**Data extract**
==================================================

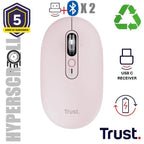 Mouse Trust Wireless Seron Hypscroll Slim 400-2400dpi 6 Botones Recargable Fsc Grs Rosa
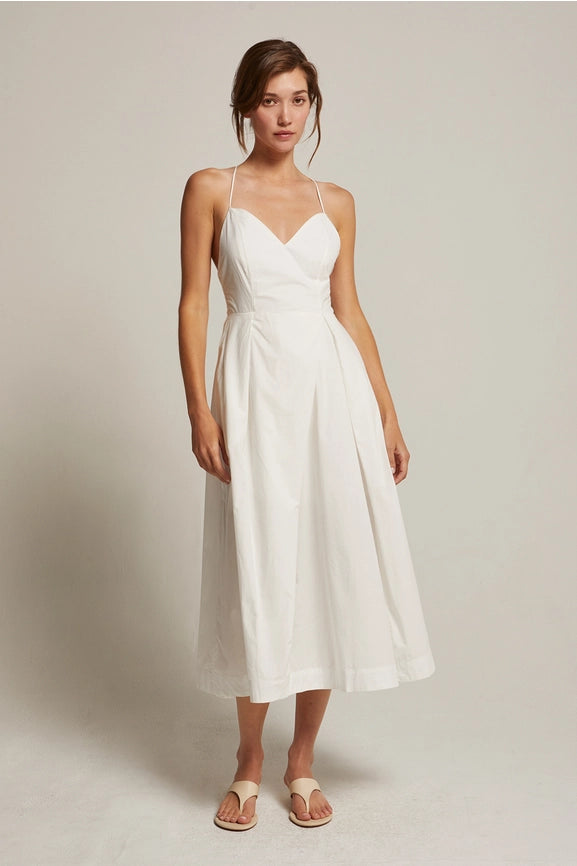 Eunice V-Neck Poplin Midi Dress-Dress-Crescent-XS-WHITE-Urbanheer
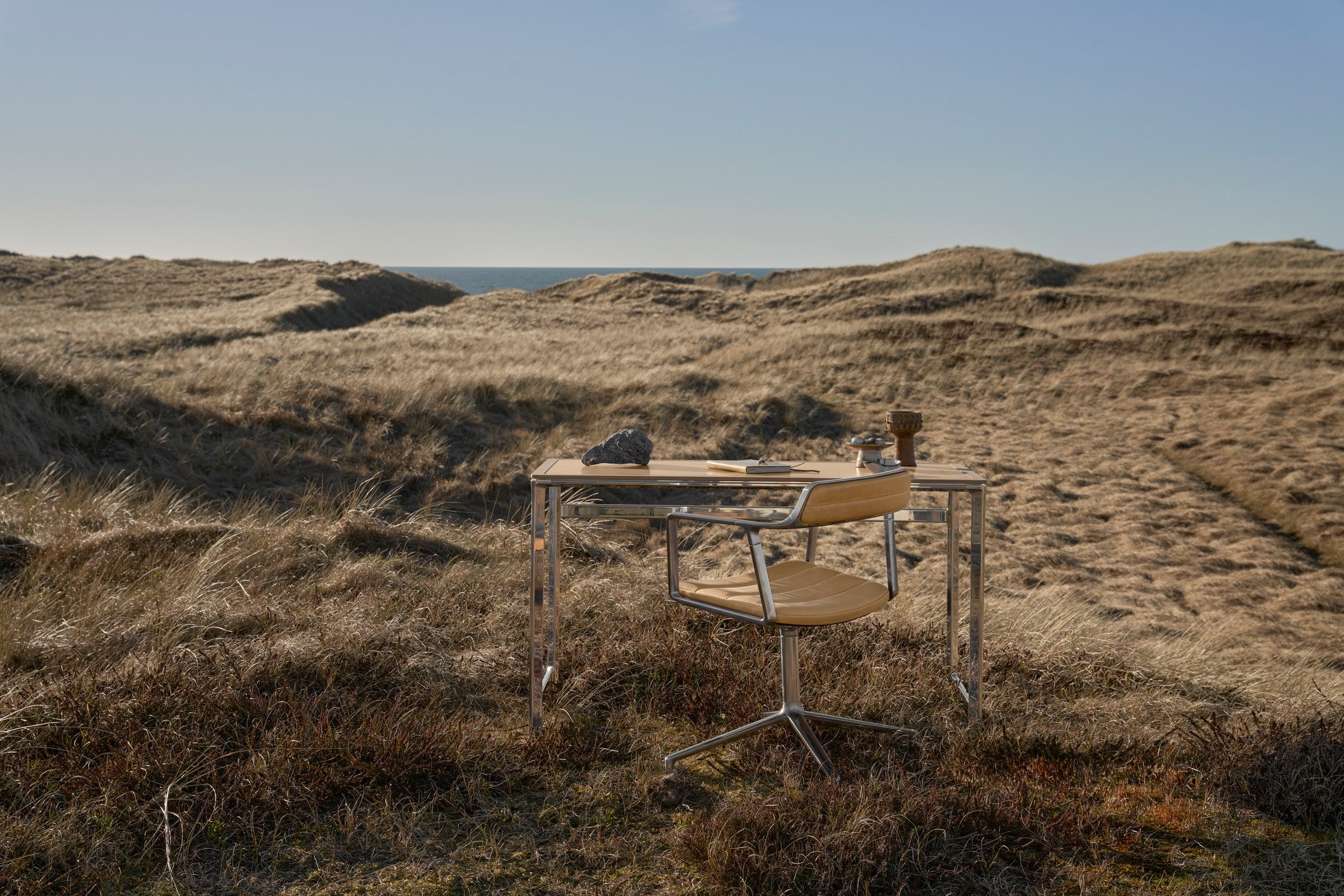 STUDIO Desk with Camel Leather Top, Oak Frame, and Aluminum Base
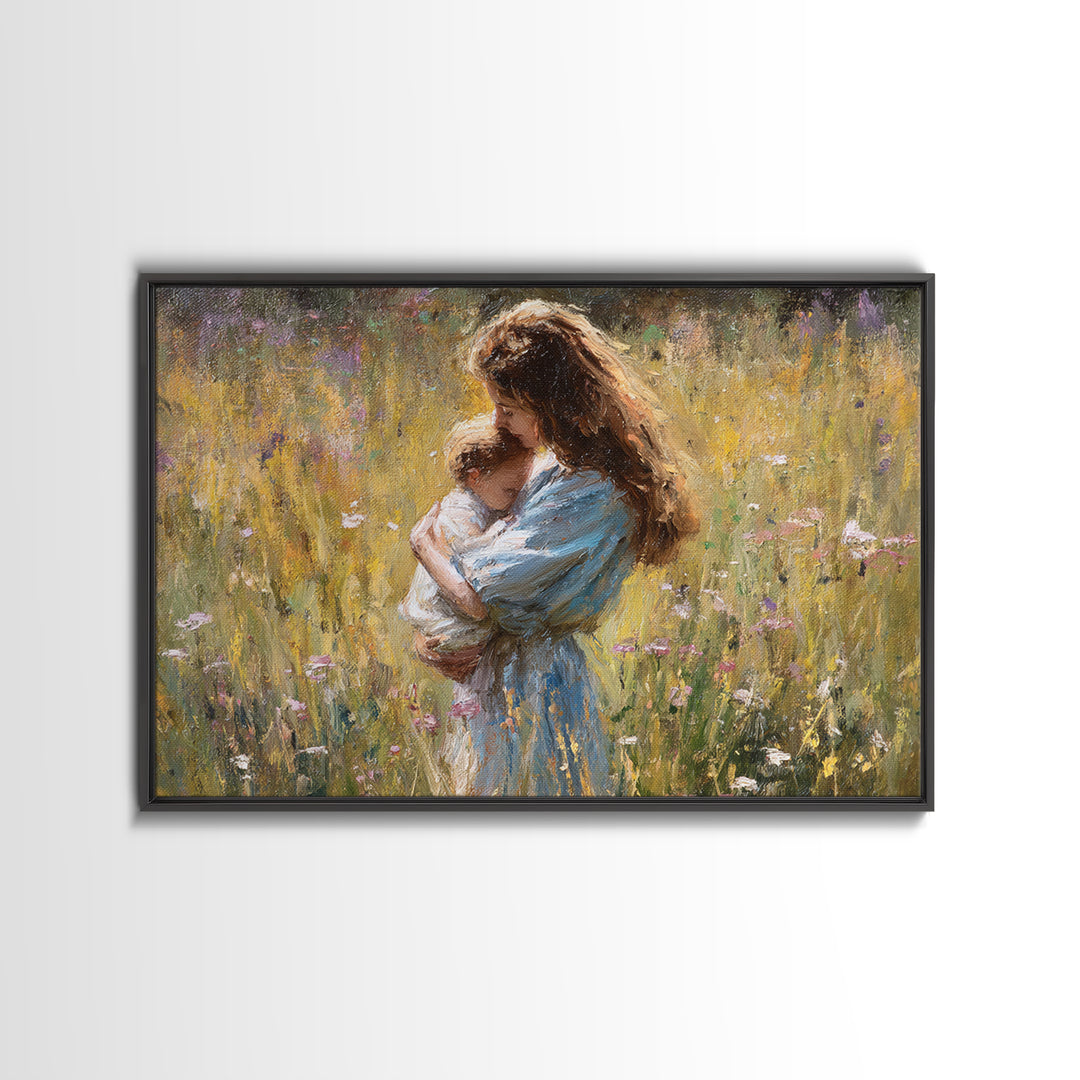 Long Haired Mother Cradling Baby In Wildflower Field Canvas Print, Impressionist Oil Painting, Feminine Wall Decor, Gift For Her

==================================================

**What is being asked**
Write the lines from the line containing "STUDIO Desk with" through the last line of the data out again exactly, and only those lines; pictures stay out.

**Exercise response**
 STUDIO Desk with Camel Leather Top, Oak Frame, and Aluminum Base
 Long Haired Mother Cradling Baby In Wildflower Field Canvas Print, Impressionist Oil Painting, Feminine Wall Decor, Gift For Her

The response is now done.